# Do these numbers make since starting out?



## dcell26 (May 1, 2014)

I have been ruminateing and running the numbers on this business for a while and wanted some feed back. am I spending my money wisely. A few things I wont comprise on are the Conventions i am going to... and a quality screen printer

item	Estimated cost	quantity
Cash Box	$20 
Cash in box	$299	
Artists	$400	
Bulk V Neck Ts	$477 100
para con	$100 for Dealer Booth
ancient city con	$125	
Hire 1 people to work cons $200	for two cons
Printing on tshirts	575	
hotels	158	for two hotel stays
Incorporation	$198	
Brodband wifi receiver	0.99	with contract
Shopping Bags with logo	164	
Rack Cards 8.99	for wash instructions
Logo design	500	

Proposed total	$3,226


----------



## splathead (Dec 4, 2005)

You'll have to give us a lot more information than a list with a dollar amount next to them.

What are you doing? How long are you doing it? Looks like a convention booth? Then what? Are you done or will you have a continuing business operation?


----------



## dcell26 (May 1, 2014)

splathead said:


> You'll have to give us a lot more information than a list with a dollar amount next to them.
> 
> What are you doing? How long are you doing it? Looks like a convention booth? Then what? Are you done or will you have a continuing business operation?


My plan is to design and print the shirts, then sell the shirts at cons, to gauge popularity of my idea. Then if successful, to get an online store and market it


----------



## splathead (Dec 4, 2005)

You're going to spend $32 per shirt in overhead to go to a convention. Seems excessive to me.


----------



## KristineH (Jan 23, 2013)

Ask a friend to help you out on the conventions - if your paying their expenses (room, food) as a friend they might not mind working for free. 

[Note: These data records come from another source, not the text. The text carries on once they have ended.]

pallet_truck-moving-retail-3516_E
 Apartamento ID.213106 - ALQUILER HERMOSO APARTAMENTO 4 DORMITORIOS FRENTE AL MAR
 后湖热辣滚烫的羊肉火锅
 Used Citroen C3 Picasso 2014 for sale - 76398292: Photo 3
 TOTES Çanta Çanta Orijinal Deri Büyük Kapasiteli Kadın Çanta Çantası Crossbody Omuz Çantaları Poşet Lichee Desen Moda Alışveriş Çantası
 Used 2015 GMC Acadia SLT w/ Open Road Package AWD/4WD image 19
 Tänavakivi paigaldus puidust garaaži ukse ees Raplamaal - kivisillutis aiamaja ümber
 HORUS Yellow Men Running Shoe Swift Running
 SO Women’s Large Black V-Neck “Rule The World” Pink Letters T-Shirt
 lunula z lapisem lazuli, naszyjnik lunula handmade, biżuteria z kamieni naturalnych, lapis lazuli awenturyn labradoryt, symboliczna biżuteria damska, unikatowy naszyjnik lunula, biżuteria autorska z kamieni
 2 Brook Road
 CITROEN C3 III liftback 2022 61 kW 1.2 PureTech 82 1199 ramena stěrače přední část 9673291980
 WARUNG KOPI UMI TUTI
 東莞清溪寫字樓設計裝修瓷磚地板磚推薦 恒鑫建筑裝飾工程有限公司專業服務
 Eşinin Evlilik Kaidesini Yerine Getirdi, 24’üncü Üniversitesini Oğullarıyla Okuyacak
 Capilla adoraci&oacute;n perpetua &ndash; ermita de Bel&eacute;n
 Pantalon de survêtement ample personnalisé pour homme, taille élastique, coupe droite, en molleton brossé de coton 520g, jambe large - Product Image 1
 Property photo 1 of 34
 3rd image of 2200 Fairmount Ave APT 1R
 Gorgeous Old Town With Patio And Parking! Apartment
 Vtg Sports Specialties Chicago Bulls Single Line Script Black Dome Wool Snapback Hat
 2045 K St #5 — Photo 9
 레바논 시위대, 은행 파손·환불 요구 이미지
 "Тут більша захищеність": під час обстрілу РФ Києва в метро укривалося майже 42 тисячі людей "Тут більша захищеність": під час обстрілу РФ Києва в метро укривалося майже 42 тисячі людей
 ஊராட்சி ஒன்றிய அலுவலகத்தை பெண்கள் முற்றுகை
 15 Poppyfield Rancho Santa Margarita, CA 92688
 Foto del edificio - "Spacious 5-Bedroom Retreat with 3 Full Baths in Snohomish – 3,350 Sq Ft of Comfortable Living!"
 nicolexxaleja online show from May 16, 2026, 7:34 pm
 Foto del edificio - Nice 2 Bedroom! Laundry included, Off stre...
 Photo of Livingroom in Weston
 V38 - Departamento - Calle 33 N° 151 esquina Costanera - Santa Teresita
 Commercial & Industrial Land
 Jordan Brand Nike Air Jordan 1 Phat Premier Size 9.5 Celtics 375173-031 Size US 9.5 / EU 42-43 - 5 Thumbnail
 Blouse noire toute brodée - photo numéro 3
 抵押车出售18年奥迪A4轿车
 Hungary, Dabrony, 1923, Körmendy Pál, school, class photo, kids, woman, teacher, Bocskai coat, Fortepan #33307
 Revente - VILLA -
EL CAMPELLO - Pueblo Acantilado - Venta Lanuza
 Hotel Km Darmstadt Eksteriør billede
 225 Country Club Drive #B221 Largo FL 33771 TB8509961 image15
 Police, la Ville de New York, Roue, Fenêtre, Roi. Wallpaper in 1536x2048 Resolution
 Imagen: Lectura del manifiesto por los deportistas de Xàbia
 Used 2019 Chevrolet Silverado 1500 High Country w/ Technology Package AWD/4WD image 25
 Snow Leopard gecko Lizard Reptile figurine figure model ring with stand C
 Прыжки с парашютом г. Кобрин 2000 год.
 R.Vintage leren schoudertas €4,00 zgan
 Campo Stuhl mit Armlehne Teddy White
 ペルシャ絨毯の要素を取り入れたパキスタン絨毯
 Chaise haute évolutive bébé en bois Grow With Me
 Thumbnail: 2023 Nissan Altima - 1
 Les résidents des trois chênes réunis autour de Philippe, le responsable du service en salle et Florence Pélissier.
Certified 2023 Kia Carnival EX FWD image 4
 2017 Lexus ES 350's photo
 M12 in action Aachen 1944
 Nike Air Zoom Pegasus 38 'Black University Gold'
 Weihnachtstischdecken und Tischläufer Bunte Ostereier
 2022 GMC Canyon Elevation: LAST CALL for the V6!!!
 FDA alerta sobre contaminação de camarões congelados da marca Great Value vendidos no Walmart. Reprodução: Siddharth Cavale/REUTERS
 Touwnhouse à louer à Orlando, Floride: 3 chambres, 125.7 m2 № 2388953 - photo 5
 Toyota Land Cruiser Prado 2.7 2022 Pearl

One thing I don't see is business cards. The wash cards are fine, but make sure they have your info on them. 

Why do you need wifi?


----------



## dcell26 (May 1, 2014)

KristineH said:


> Why do you need wifi?


The wifi is so i can use a mobile hotspot to charge cards for purchases i.e. square card reader


----------



## splathead (Dec 4, 2005)

If you're asking us where you can cut costs:

item Estimated cost quantity
Cash Box $20 (use your pocket)
Cash in box $299 (not an expense) 
Artists $400 (explain) 
Bulk V Neck Ts $477 100 
para con $100 for Dealer Booth
ancient city con $125 
Hire 1 people to work cons $200 for two cons (man the booth alone)
Printing on tshirts 575 ($6 printing per shirt? Seems high. What is it; two sided full color?)
hotels 158 for two hotel stays
Incorporation $198 
Brodband wifi receiver 0.99 with contract (Use your phone's data plan)
Shopping Bags with logo 164 ($1.64 per shirt for a bag?)
Rack Cards 8.99 for wash instructions
Logo design 500 (use a service like 99designs.com) 

Where's your other travel expenses; transportation, food, per diem? Booth decoration/signage?

Proposed total $3,226


----------



## dcell26 (May 1, 2014)

splathead said:


> If you're asking us where you can cut costs:
> 
> item Estimated cost quantity
> Cash Box $20 (use your pocket)
> ...


Travel and food can be asorbed by my real job... The extra person is for Fridays and when I have to pee


----------